WHAT NEEDS TO BE DONE:
Beginning at the first line of the material, output each line exactly until you reach and include the line containing "a bedroom with". Leave every picture out.

THE DATA:

__________

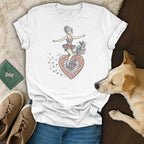 White t-shirt with graphic of woman on bicycle with dog, surrounded by stars and hearts.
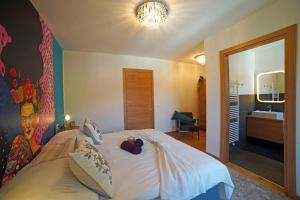 a bedroom with a bed with a teddy bear on it at Design Residence Del Passo in Padola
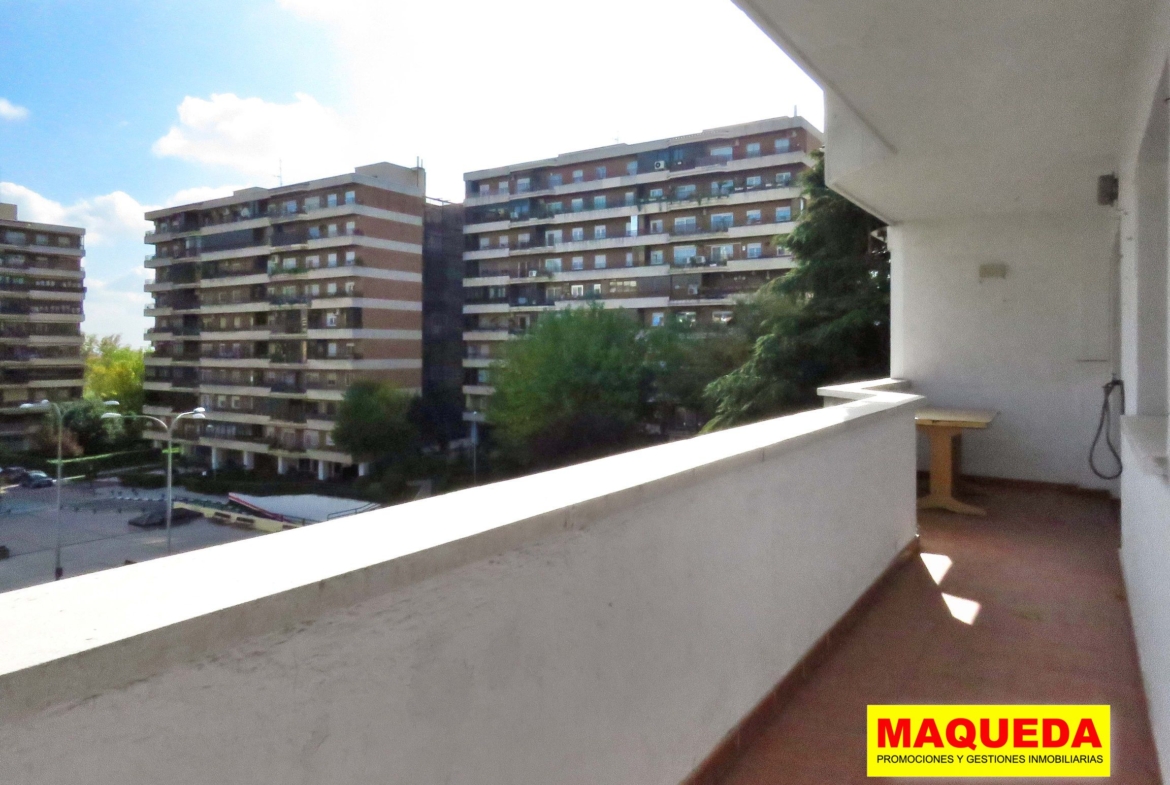 Terraza abierta con zona amplia para mesa y sillas al fondo. A la izquierda plaza de Residencial Igueldo con edificios de viviendas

__________

OUTPUT:
 White t-shirt with graphic of woman on bicycle with dog, surrounded by stars and hearts.
 a bedroom with a bed with a teddy bear on it at Design Residence Del Passo in Padola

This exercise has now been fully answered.